INPUT MATERIAL
'''

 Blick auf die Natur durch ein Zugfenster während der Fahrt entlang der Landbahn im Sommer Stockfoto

'''
'''

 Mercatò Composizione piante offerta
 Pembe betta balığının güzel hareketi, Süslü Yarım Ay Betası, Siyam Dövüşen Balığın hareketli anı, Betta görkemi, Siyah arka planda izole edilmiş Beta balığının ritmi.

'''

WORK TO BE COMPLETED
Transcribe, exactly and without additions, the lines of the records above, beginning with the line that contains "Mercatò Composizione piante offerta" and ending with the line that contains "Pembe betta balığının", both included.

TASK ANSWER
 Mercatò Composizione piante offerta
 Pembe betta balığının güzel hareketi, Süslü Yarım Ay Betası, Siyam Dövüşen Balığın hareketli anı, Betta görkemi, Siyah arka planda izole edilmiş Beta balığının ritmi.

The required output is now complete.